The ErP Directive is not new by any means, having been implemented back in October 2009, and we are all familiar with seeing the G to A+++ rating on appliances such as refrigerators, washing machines and dishwashers. As of September 26th 2015 however the range of the Directive has been extended to encompass all residential and commercial heating products.

The ErP Directive actually comprises two separate directives: Ecodesign and Energy Labelling. The Ecodesign Directive is chiefly for manufacturers and sets out rules and mandatory requirements for the energy efficiency of products which they have to comply with in order to sell those products within the EU. The Energy Labelling Directive compliments the Ecodesign aspect with mandatory labelling requirements intended to make life easier for consumers.

The Energy Labelling Directive is intended to help communicate complicated information in a simplified format to consumers in order to allow them to make informed decisions without having any specialist knowledge of the product. All new heating products should now have an ErP energy label ranged from G to A+++ however if one or more heating products are used in combination to make a system (such as a boiler with heating controls or solar device) then an installer will be required to produce a document called a ‘fiche.’ This essentially calculates the efficiency of the combination of heating products to give an overall system efficiency/rating.

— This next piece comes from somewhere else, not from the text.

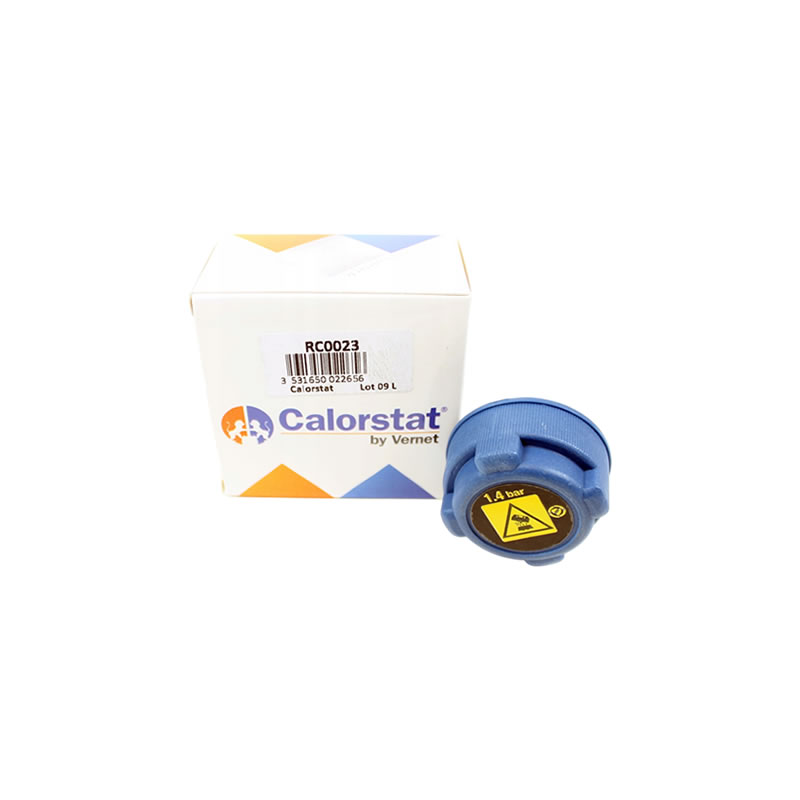 ALFA ROMEO Coolant Reservoir Tank Cap CALORSTAT RC0023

Installing more than one heating product in this way is very commonly seen currently as boilers now have separate heating controls. Most large boiler manufacturers offer the production of a fiche as a free service, however there are templates available online if a specifier wished to produce one themselves. The fiche should be left with the property owner when completed so they know how efficient their system is.

What does this mean for specifiers? Best practice would normally dictate that a specifier would always choose from latest range of products produced by a boiler manufacturer to achieve optimum energy efficiency, depending on the boiler type required. In doing this, technically they will receive an ErP compliant boiler as all new heating products available to the UK market should be ErP compliant, however the specifier should always double-check.

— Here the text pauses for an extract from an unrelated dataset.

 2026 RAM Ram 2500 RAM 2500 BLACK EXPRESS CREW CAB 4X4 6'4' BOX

This blog also features as a Guest Blog on Buildingtalk, you can read it here: http://www.buildingtalk.com/blog-entry/new-erp-directive-helps-drive-to-more-energy-efficient-products/Buildingtalk

 

CLEARING UP CONFUSION AROUND THE CRITERION 3 CHECK ON SUMMER HEAT GAIN Marcus Eves, Sustainability Consultant, Darren Evans Assessments

DEA blog - sunSummer overheating has been a hot topic in recent months, however the Building Regulations do make provision for limiting the effects of solar gain. Unfortunately despite being a requirement for compliance with Part L2A of the Building Regulations, the importance of the Criterion 3 check on how much buildings are being heated via windows is often overlooked and misunderstood.

Whilst we are all familiar with the requirements of Criterion 1 (Compliance with the Building Emission Rate), Criterion 3 (Limiting the Effects of Solar Gains in Summer) always seems to get forgotten about. And when it comes to finding a route to achieving compliance it can leave some confused and frustrated.

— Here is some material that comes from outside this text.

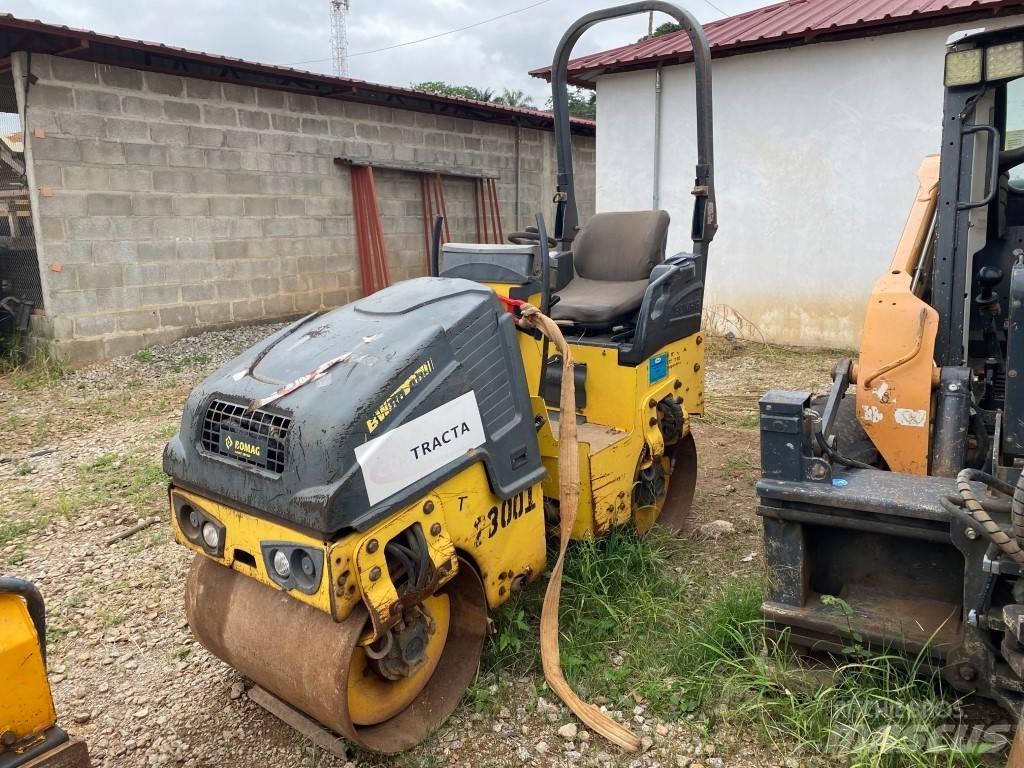 Bomag BW 80 AD-5 Tvilling tromle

In commercial buildings compliance with the emissions targets is straightforward, proceeding through the reliable time-honoured menu; lower the U-values, improve the building services, enhance the controls and finally consider renewables. However many are unfamiliar with how the Criterion 3 check is performed in SBEM (the BRE’s Simplified Building Energy Model for non-domestic buildings). When it comes to compliance the implications of this can be drastic.

For the purposes of Part L, a ‘limiting solar gain check’ is performed for Criterion 3 compliance where the aggregated solar gains between April and September must be below a certain benchmark. It is crucial to understand that this does not mean a straightforward overheating check is carried out and is related to solar gain via windows only. Provisions must be taken to limit internal temperature rise due to solar gain in summer; this will reduce or eliminate the need for air conditioning or mechanical ventilation which will increase the building’s energy demand.

In Part L 2006 the Criterion 3 check carried out in the SBEM was based on overheating assessment and therefore any zones which were mechanically cooled were exempt. This gave a quick fix to developers: if a zone failed Criterion 3, a cooling system was added and a pass could be demonstrated. This is not the case anymore. Mechanical plant cannot simply be introduced to offset an issue as a result of poor façade design.

Consideration needs to be given to the design of the building very early on to limit solar gains entering the spaces. There are three main factors to consider:

  • window size and orientation;
  • solar protection through internal or external shading or improved glass specification;
  • high thermal capacity.

When the Criterion 3 limit is exceeded by a small amount – up to 30% – consider the glazing specification and blinds. Windows with lower G-values will restrict the amount of solar radiation entering the space. Blinds will also have the same effect, but these are not appropriate for all spaces.

When the Criterion 3 limit is exceeded by a larger amount (up to 50%) consideration must be given to the glazed area proposed. A reduction in the number of openings or their size may be required. If curtain walling is proposed, spandrel panels can be introduced to reduce the area of glass but keep the overall feel of the building.

Finally external shading must be considered; such as the introduction of overhangs to windows, vertical or horizontal fins, or brise soleil. This will have significant impact on the building form and so will require resubmissions to planning, therefore it’s vital the impact of Criterion 3 compliance is identified at the earliest stage.

It must be noted that if external shading is required, SBEM does not take this fully into account. A full overheating study using a bespoke Dynamic Simulation Model will be required in order to demonstrate to building control that the internal comfort conditions will be met.

In summary, recognising that compliance Criterion 3 is restricted to solar gain from windows, it is important to also acknowledge there is a trade-off between maximising the benefit of daylight and limiting solar gains. Also it is essential to recognise the impact of Criterion 3 compliance prior to planning submission and that the introduction of building services such as air conditioning or mechanical ventilation are not a fix. Lastly, achieving compliance can be expensive and in some instances affect a building’s form.